I first uttered these words over twenty years ago when I was sworn in to the armed services, the army being my choice, in Memphis, TN. As I look back, now, on the years in between and the things that have happened, I sit sometimes and I wonder what it was that prompted me to enlist in the armed forces, what motivated my thinking, and my acting upon said thought processes. In doing so, I’ve spoken to other veterans through the years, asking them the same questions that I asked of myself. The answers varied, of course, from individual to individual, some having been drafted and having found a home and a way of life that they could understand and appreciate, some of us, like me, volunteers in an era after the draft had long been done away with.

My own plans were to have retired from the army, however, thanks to the budget cuts enacted by the Graham-Rudman-Hollings Act; my plans were drastically changed as the army began eliminating some of us “big boys” who had gone into service under the maximum weight, LOST weight, and were discharged for being OVER weight after the Act went into effect. I won’t go into how that made me feel at the time, or the resentment I still feel over it now, because that isn’t the purpose of this piece. I was asked if I would write a piece on the heart and mind of the American soldier, and drawing from my own experiences and the conversations with others through the years, that’s what I’m going to attempt to do.

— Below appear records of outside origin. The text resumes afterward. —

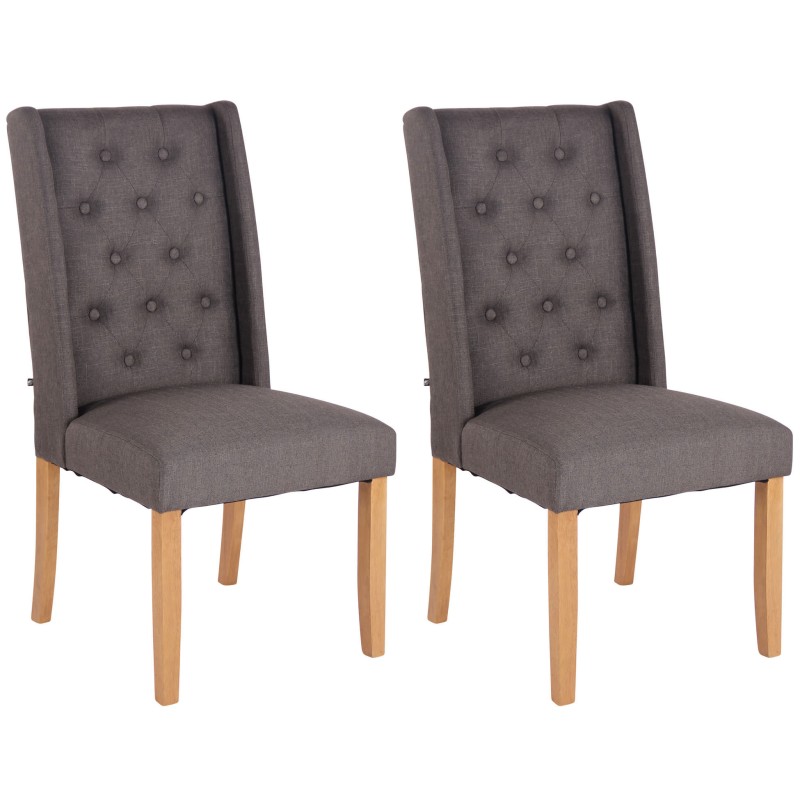 Lot de 2 chaises de salle à manger Malea tissu antique clair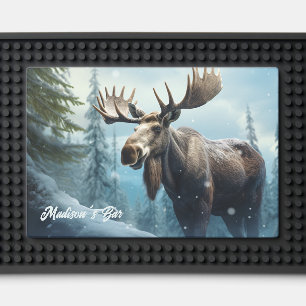Custom Name Winter Moose Bar Mat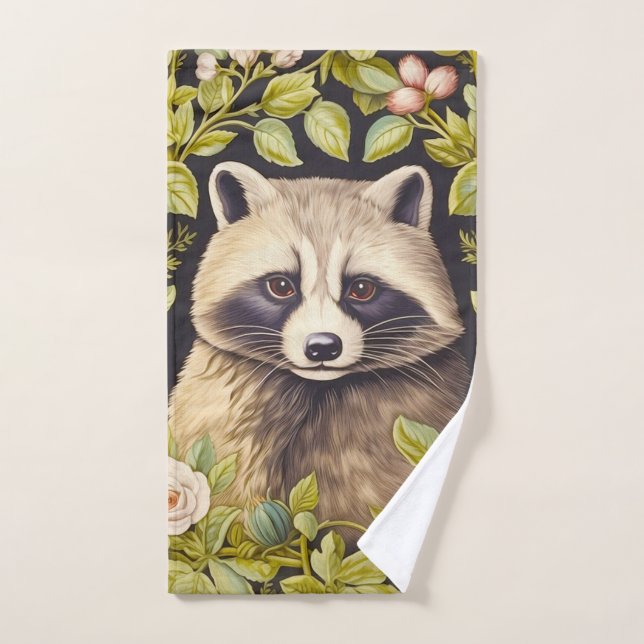 Racoon and green leaves inspired William Morris Hand Towel (Hand Towel)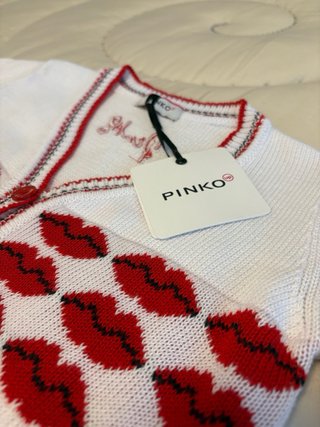 Cardigan Pinko bambina con labbra rosse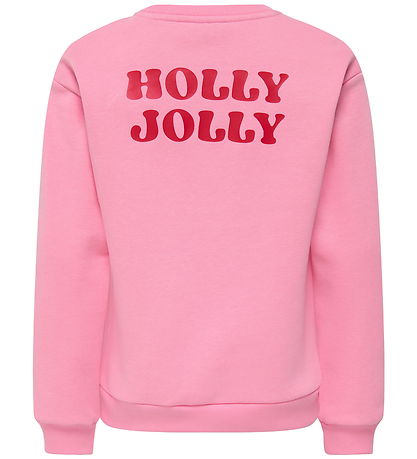 Kids Only Sweatshirt - KogZenja - Sachet Pink/Holly Jolly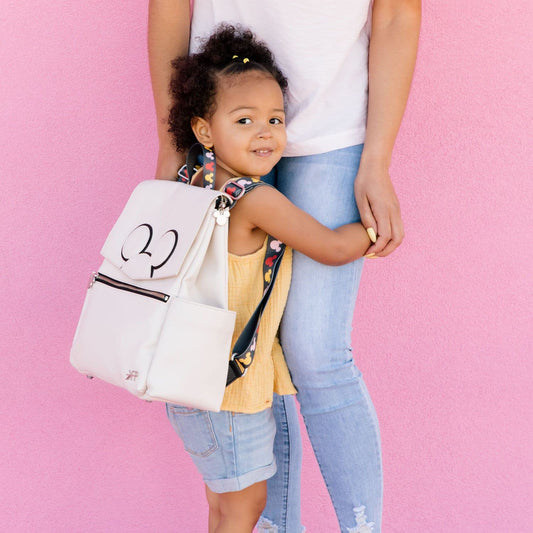 Freshly Picked Classic Mini II Diaper Bag Backpack, Wipeable Vegan Leather Disney, 8 Pockets (Mickey Mania)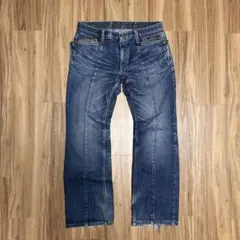 フリンジ加工ストレートデニムパンツ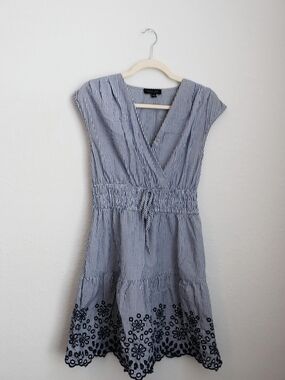 Striped Blue & White Embroidered Waist-Tie Dress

From as far back as I can remember, I wanted to be a soldier. I could not, and still can not, see the flag waving proudly and hear the national anthem being played without feeling a lump in my throat and my eyes misting at the heavy weight of what it means to me to be an American, and the pride that I have in our country and our way of life, along with the realization of the sacrifices made by others before me for us to have our rights today. I believed in the ideals of our country, our nation, from my earliest memories. My thoughts, my beliefs, where and still are that our way of life was and is to be defended and upheld, for ourselves, for our families and loved ones, for our children and our children’s children. I know that those are some deep thoughts for a child, but I was always a child of deep thought, a state that has followed me into my adult years.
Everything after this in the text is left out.